Anyway, just to practice what I've learned so far I will try to answer some of your questions from the top of my head; apologies in advance for my verbosity:
First of all, let's define functional (in fact, to be strict, declarative; more on this below):
An operation (i.e. a code fragment with a clearly defined input and output) is functional if for a given input it always gives the same output, regardless of all other execution state. It behaves just like a mathematical function, hence the name.
This gives a declarative operation the following properties:
1) Independence: nothing going on in the rest of the world will ever affect it.
2) Statelessness (same as immutability): there is no observable internal state; the output is the same every single time it is invoked with the same input.
3) Determinism: the output depends exclusively on the input and is always the same for a given input.
So what is the difference between functional and declarative? Functional is just a subset of declarative = declarative - dataflow variables
These properties give a functional program the following key benefits:
1) It is easier to design, implement and test. This is because of the above properties. For instance, because the output will never vary between different invocations, each input only needs to be tested once.
2) Easier to reason about (to prove correct). Algebraic reasoning (applying referential transparency for instance: if f(a)=a^2 then all occurences of f(a) can be replaced with a^2) and logical reasoning can be applied.
To further explore the practical implications of all this lets say that, given that all functional programs consist of a hierarchy of components (clearly defined program fragments connected exclusively to other components through their inputs and outputs) to understand a functional program it suffices to understand each of its components in isolation.
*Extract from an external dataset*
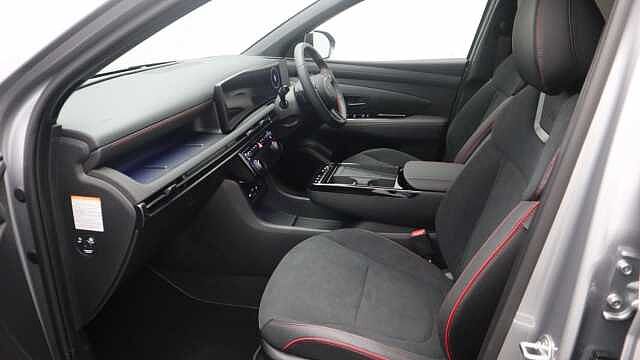 Hyundai TUCSON 1.6 T-GDi N Line S SUV 5dr Petrol Hybrid Auto Euro 6 (s/s) (215 ps) Shimmering Silver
Basically, despite other programming models having more mindshare (but, as far as I can tell, aren't really better known, and this includes me ;), because of the above properties functional programming is fundamentally simpler than more expressive models, like OO and other models with explicit state.
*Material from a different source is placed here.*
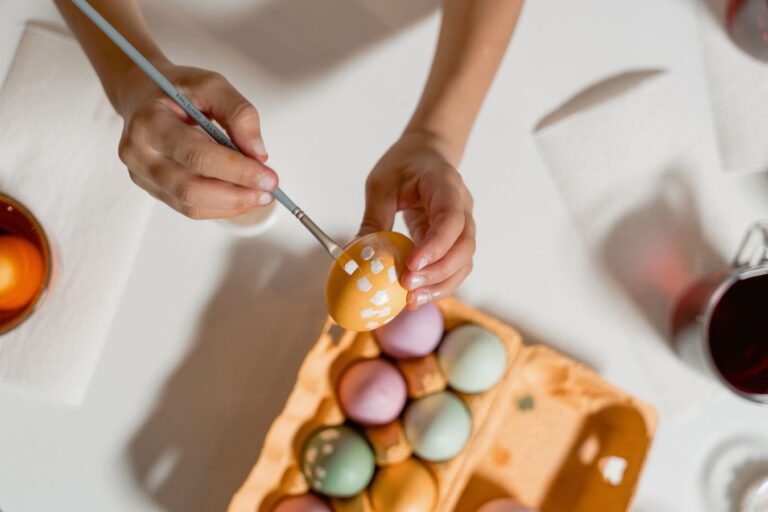 Természet a tojáshéjon – Húsvéti festés konyhai csodákkal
Another very important point is that it is perfectly acceptable and feasible to write functional programs in non strictly functional languages like Java of C++ (although not in C, I won't explain why, it's complicated but basically the core reason has to do with how memory management is done in C).
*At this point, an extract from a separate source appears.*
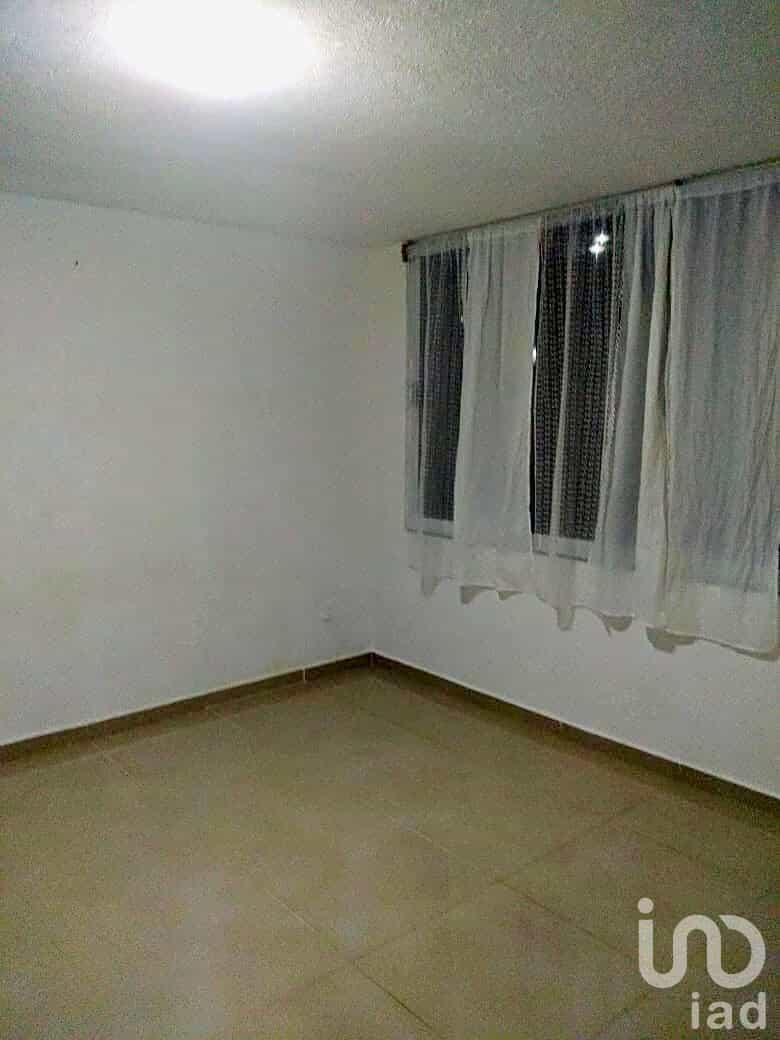 公寓 在 Ciudad López Mateos, Estado de México 12679844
This is because functional programming is not restricted to functional languages (where the program will be functional by definition no matter how much you mess up).
A program is functional if it is observably functional, if it behaves in the way specified above.
This can be achieved in, say, Java, with some discipline and if you know what you are doing; the Interpreter and Visitor design patterns are exactly for this, and one of the key operations to implement higher order programming, procedural abstraction, can easily be done using objects (see the excellent MIT OCW course https://ocw.mit.edu/courses/electrical-engineering-and-compu... for more on this).
Because of its limitations, it is often impossible to write a purely functional program. This is because the real world is statefull and concurrent. For instance, it is impossible to write a purely functional client-server application. How about IO or a GUI? Nope. I don't know Haskell yet, it seems they somehow pull it off with monads, but this approach, although impressive, is certainly not natural.
Garbage collection is a good thing. It's main benefit to functional languages is that it totally avoids dangling references by design. This is key to making determinism possible. Of course, automatically managing inactive memory to avoid most leaks is nice too (but not all leaks, like, say, references to unused variables inside a data structure, or any external resources).
However, functional programs can indeed result in higher memory consumption (bytes allocated per second, as opposed to memory usage, which is the minimum amount of memory for the program to run), which can be an issue in simulators, in which case a good garbage collector is required.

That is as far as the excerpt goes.